4. Mengapa kata penghinaan disejajarkan (istilah dan/atau) dengan pencemaran nama baik? Apa alasannya?
5. Mengapa hanya disebut pencemaran nama baik, padahal objek pencemaran itu bukan nama baik saja, tapi juga kehormatan? Apa kehormatan menurut UU ITE tdk merupakan objek pencemaran?
6. Apa artinya kata penghinaan yg dicantumkan dalam Ps 27 (3) tsb, apa ada bedanya atau persamaannya dgn pencemaran?
7. Apakah alasan/logikanya penghinaan khususnya bentuk pencemaran diancam dg pidana yg sangat berat, enam setengah kali lbh berat dri pencemaran standarnya dlm KUHP. Apalagi kalau dibandingkan dg penghinaan ringan Ps 315 KUHP.
8. Apakah penghinaan disitu dl Ps 27 (3) mrpkan suatu tindak pidana ataukah suatu kelompok bentuk-2 tindak pidana yg menyerang rasa/perasaan harga diri nama baik dan kehormatan pribadi orang?
9. Apakah arti, fungsi dan kegunaan mencantumkan unsur tanpa hak dlm Ps 27 (3) tsb? Terus kira-2 bgm bayangan bapak bagi bp jaksa utk membuktikan dan hakim mempertimbangkan unsur tsb dalam praktiknya?

Cukup sekian dulu pertanyaan saya, yg mohon bapak dpt memberikan jawabannya dan nanti akan saya tanggapi. Tujuan satu-satunya bagi saya, mungkin begitu juga bagi rakyat Indonesia, agar kita tahu Pasal 27 (3) UU ITE tersebut penuh - syarat dgn kesalahan-2. kalau tdk diperbaiki rumusan itu akan berakibat sangat fatal, al:

1. Tidak ada kepastian hukum dari rumusan bentuk penghinaan hasil kerja DPR tersebut?
2. Kami dari kalangan akademisi terus dapat meragukan UU yg bapak hasilkan terutama yang menyangkut hukum pidana.
3. Setiap rumsn tindak pidana yg tdk berkepastian hukum selalu akan makan korban rakyat yang lemaH, miskin, bodoh. Telah terbukti kasus Bu Prita.
4. dalam era penegakan hukum yg buruk seperti skrg ini, kelemahan hukum selalu dpt digunakan sebagai alat pemerasan, alat KKN, alat penyuapan.
5. hukum yg dihasilkan DPR jika buruk akan merndahkan wibawa lembaga tersebut, dan terang merugikan keuangan negara. Sebab untuk membuat satu UU menghabiskan uang rakyat miliaran rupiah, jika UU yg dihasilkan tidak baik sama artinya kinerja DPR tersebut merugikan rakyat.

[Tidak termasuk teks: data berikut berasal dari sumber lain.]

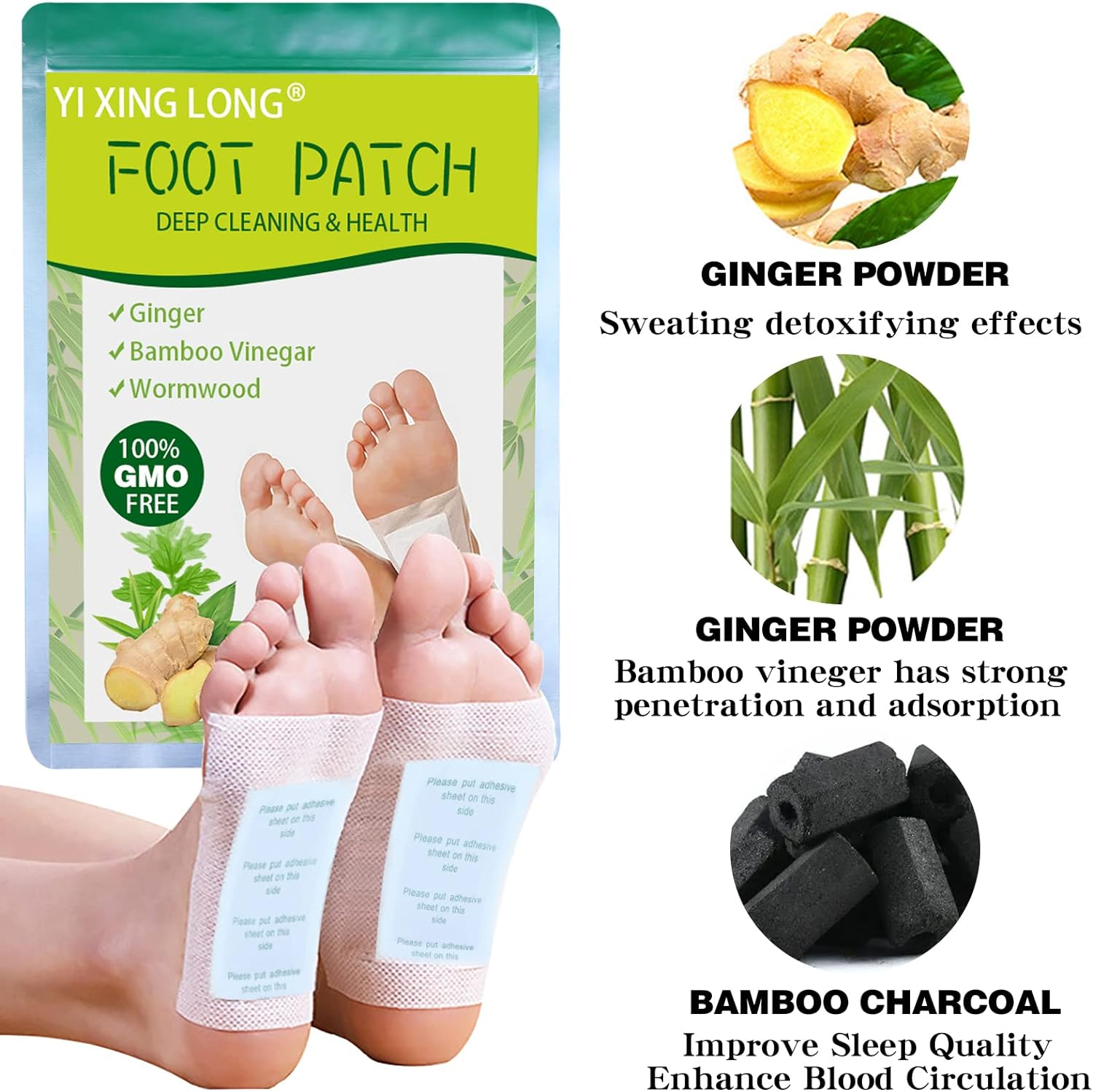 Bandoo Detox Foot Pads to Remove Toxins, 100 Foot Pads & 100 Adhesive Sheets, Deep Cleansing Foot Patches with Natural Bamboo Vinegar, Improve Sleep Quality Enhance Blood Circulation Feet Body Care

Pak, itu satu rumusan saja yg saya analisis, belum tindak pidana yang lain dl UU ITE tsb. Lain kali saya akan mencoba utk membedahnya satu-persatu rumusan tentunya berdasarkan pisau analisa ilmu hukum khususnya hukum pidana.

Sekali lagi mohon jawbannya dari pertanyaan saya tsb, nanti pasti kita semua sadar bahwa OH iya kita semua sudah keliru. Saya tunggu?!

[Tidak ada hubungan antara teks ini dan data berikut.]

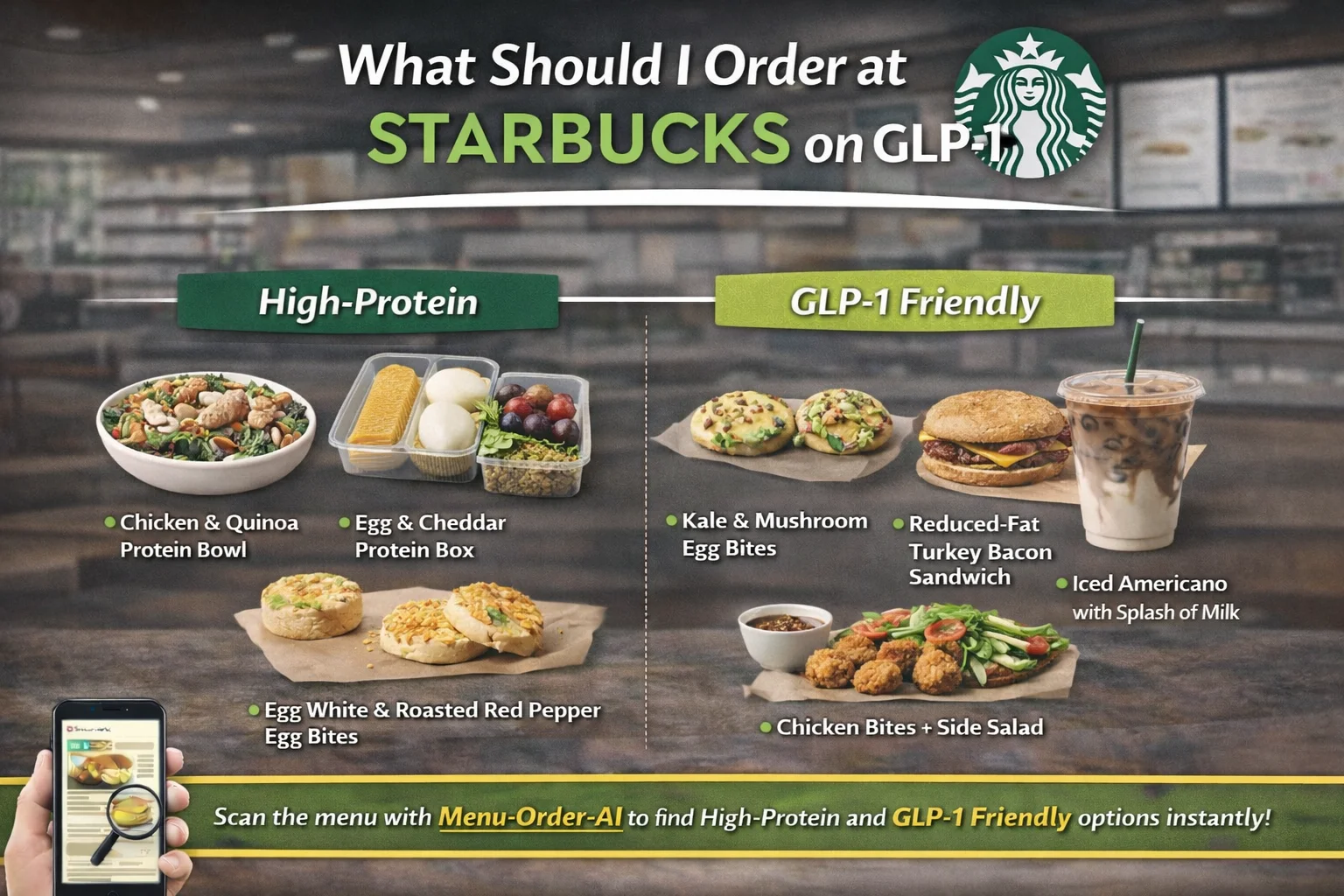 What should I order at Starbucks on GLP-1 – high protein and GLP-1 friendly Starbucks drinks and food options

Oh ia ya pak, saya menulis sebuah buku tentang hukum pidana positif penghinaan, bulan depan Insya Allah beredar, kiranya anggota komisi hukum DPR perlu membaca buku tersebut. Penerbit ITS Press Surabaya. Sekaligus promosi, nanti jika sdh terbit saya mintakan pada ITS Press untuk mengirim contoh promosi ke bapak.

SELAMAT BEKERJA DAN BERJUANG UNTUK RAKYAT (BUKAN UTK PARTAi). MOHON MAAF.